Anyone (I'm talkin' to
you, Judas Booth) remember these classics from the 80's version:
1) An Alien race descends upon the U.N. Building in NYC with a mandate that humanity change it's warring ways or they will destroy us. After months of deliberation/negotiation, the World Leaders proudly present the Aliens with a huge tome full of treaties that have quelled all of Earth's international conflicts. The Head Alien flips throug it and laughs. He then tells them that his race wasn't going to eliminate us because we were too war like -- they were going to do it because
we weren't war like enough. And more ships descend.

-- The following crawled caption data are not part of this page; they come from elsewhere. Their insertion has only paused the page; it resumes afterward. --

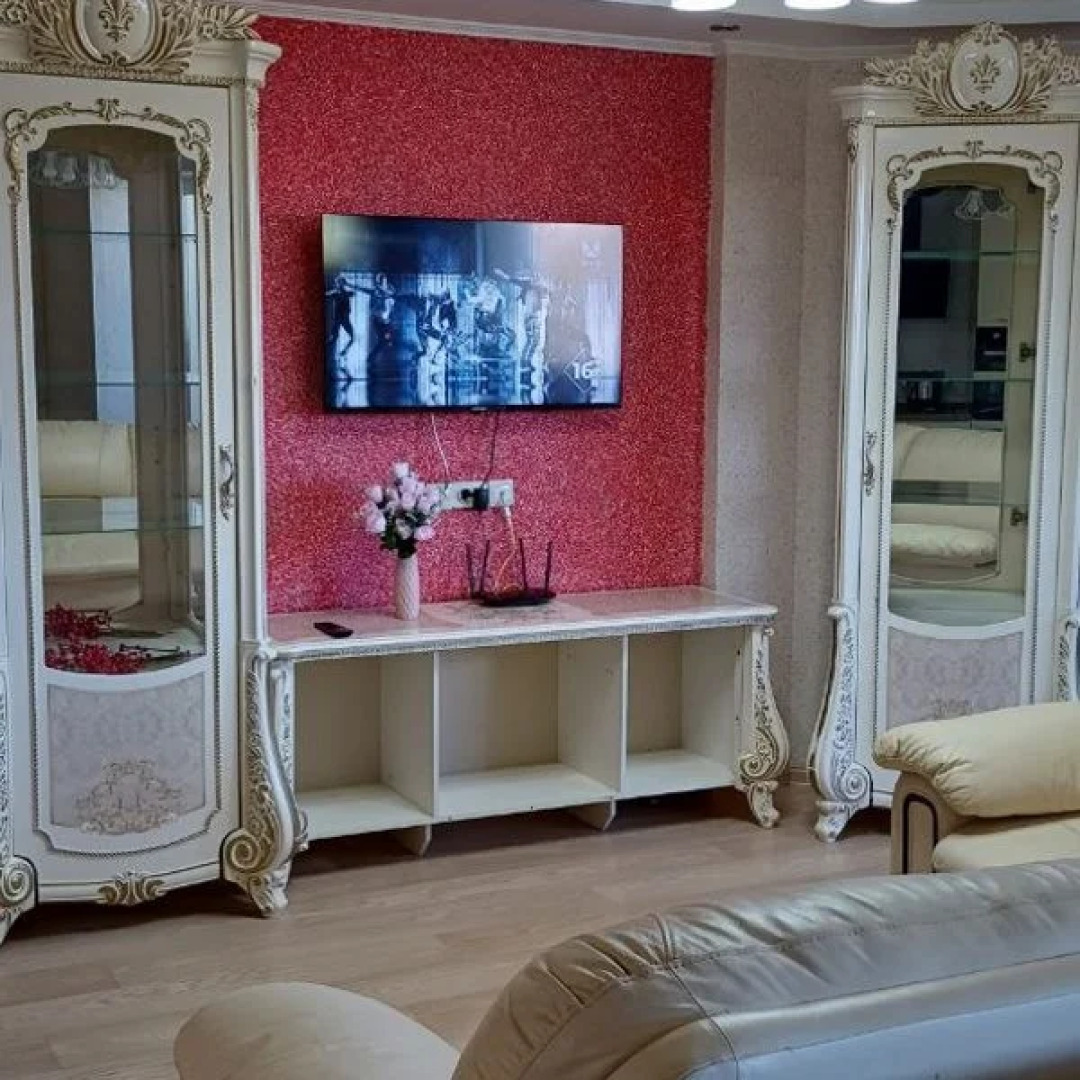 Апартаменты  Rich House на улице Новосёлов 8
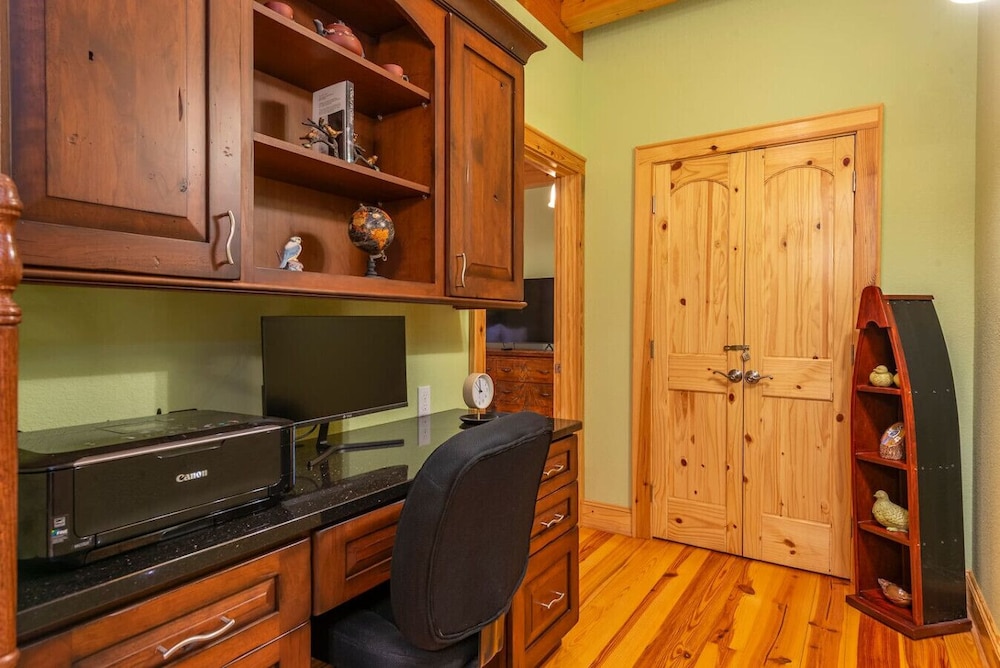 Luxe Riverfront Escape Mtn Views Pickleball Ct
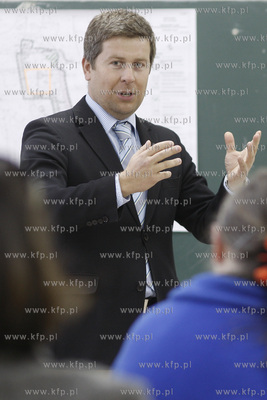 Sopot. Zespol Szkoł nr 3 w Sopocie. Spotkanie z mieszkancami...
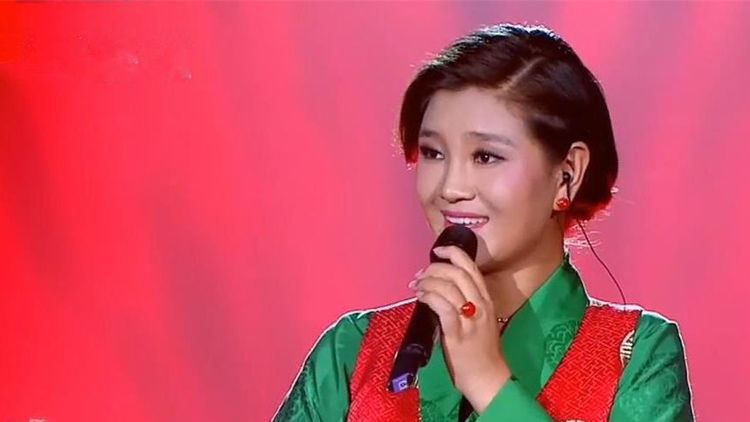 34岁降央卓玛近照,奉子成婚老公高大潇洒,回报农村爹娘豪车豪宅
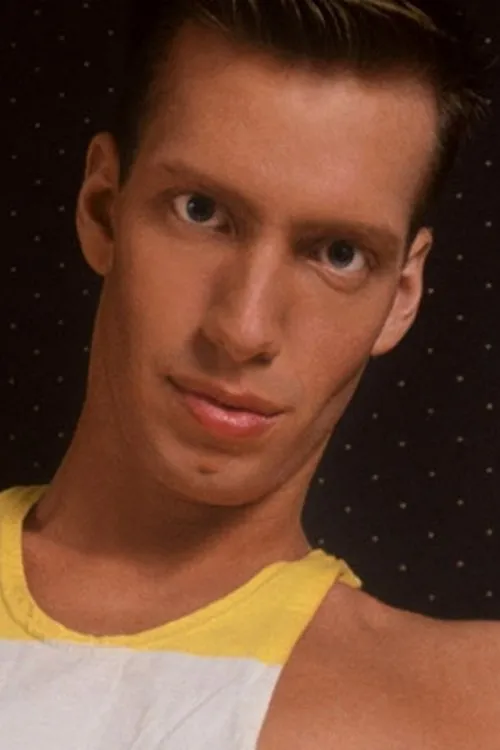 Greg Conrad interpretando a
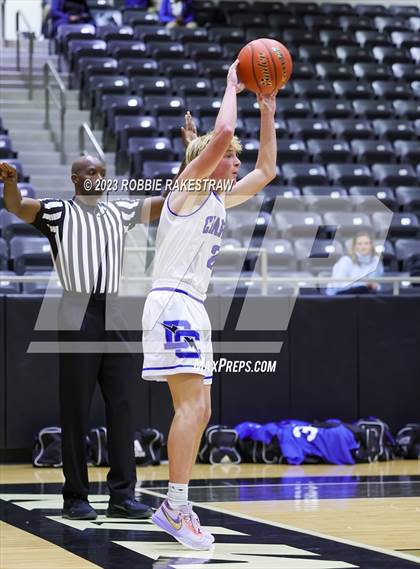 Thumbnail 2 in Dallas Christian vs. Kaufman (Kaufman Holiday Tournament) photogallery.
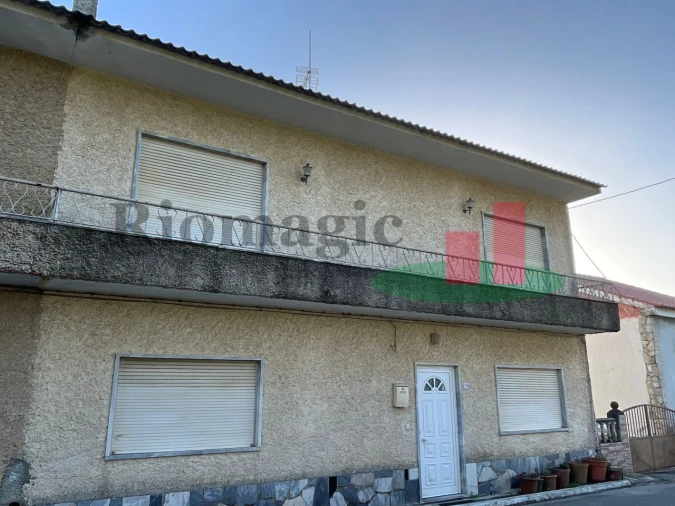 Moradia T4 para Venda em Rio Maior Foto 5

2) A guy takes a job to drive a truck full of people to an unknown destination. He soon realizes that his cargo is sinful people/souls and his destination is Hell! I remember one poingant scene where he opens the truck and he asks one guy, "What did you do?" The guy says, "I'm gay." And the driver lets him go. Don't remember how the story ends though.
3) This is one from the late 80's version in syndication. The budget was slashed, production moved to Canada, and J. Michael Strazcynski was story editor.
David Naughton starts as a regular guy who suddenly finds cameras hidden everywhere at his work and home. He discovers that his life is actually a TV show watched by millions. Shocked, he threatens to quit but the producer talks with him and he realizes the show must go on, so he stays.
I never saw THE TRUMAN SHOW, but from what I know about it, if I was the writer of this episode, I would've called my lawyers.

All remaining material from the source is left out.